===== Information supplied =====
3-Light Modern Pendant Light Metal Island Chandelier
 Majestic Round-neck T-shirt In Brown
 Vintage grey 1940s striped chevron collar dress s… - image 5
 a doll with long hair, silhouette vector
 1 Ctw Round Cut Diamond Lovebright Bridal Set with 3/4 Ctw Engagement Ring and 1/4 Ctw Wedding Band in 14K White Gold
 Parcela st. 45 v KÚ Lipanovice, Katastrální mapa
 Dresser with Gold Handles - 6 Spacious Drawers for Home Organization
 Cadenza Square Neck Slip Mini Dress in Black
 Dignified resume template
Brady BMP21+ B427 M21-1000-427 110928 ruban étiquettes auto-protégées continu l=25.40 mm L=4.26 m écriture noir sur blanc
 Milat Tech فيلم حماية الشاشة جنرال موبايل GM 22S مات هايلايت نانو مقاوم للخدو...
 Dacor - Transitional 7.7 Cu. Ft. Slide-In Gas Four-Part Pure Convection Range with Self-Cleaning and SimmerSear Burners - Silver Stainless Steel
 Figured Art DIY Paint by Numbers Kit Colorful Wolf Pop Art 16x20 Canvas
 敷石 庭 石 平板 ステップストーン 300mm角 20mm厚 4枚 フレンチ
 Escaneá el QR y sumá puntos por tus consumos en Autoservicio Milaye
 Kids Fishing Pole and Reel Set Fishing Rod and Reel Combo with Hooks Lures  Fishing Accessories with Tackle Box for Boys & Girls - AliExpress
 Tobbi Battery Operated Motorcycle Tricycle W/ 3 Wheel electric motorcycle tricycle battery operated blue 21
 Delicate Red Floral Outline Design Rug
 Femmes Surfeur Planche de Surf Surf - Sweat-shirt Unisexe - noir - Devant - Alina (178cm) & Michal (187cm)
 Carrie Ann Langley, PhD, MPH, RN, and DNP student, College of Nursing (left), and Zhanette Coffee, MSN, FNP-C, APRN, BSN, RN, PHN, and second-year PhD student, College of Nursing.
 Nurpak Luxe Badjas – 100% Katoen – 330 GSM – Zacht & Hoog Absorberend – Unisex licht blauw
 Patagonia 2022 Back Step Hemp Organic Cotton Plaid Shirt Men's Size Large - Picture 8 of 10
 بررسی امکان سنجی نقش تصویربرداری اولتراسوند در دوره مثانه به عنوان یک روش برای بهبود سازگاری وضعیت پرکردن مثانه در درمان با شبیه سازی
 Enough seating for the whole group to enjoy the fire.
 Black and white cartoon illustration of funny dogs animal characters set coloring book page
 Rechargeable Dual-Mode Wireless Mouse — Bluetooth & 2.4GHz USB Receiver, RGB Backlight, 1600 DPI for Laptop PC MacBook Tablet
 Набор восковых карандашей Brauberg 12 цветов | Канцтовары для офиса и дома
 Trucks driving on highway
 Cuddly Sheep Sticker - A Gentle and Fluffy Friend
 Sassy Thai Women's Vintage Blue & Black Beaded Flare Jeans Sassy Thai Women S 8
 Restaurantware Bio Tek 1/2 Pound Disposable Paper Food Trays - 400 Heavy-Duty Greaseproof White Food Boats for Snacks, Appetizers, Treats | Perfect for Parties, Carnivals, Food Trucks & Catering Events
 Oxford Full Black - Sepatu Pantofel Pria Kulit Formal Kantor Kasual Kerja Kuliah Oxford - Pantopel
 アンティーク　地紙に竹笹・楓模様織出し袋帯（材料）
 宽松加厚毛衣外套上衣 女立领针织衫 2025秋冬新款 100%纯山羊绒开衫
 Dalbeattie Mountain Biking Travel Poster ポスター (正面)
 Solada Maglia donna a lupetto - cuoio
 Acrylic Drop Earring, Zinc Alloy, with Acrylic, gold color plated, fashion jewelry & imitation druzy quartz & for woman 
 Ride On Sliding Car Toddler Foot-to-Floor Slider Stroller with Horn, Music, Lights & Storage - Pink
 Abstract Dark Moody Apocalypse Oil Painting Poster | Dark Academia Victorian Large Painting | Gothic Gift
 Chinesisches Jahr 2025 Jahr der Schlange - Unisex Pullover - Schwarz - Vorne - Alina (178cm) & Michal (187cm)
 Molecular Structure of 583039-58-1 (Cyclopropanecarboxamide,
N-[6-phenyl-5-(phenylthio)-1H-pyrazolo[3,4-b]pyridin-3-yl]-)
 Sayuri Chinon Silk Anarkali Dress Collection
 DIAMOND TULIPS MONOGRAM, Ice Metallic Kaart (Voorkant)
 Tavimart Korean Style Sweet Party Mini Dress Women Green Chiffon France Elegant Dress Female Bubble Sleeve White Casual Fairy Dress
=====
The lines of the records that contain the string "Vintage" should be located and copied.

 Vintage grey 1940s striped chevron collar dress s… - image 5
 Sassy Thai Women's Vintage Blue & Black Beaded Flare Jeans Sassy Thai Women S 8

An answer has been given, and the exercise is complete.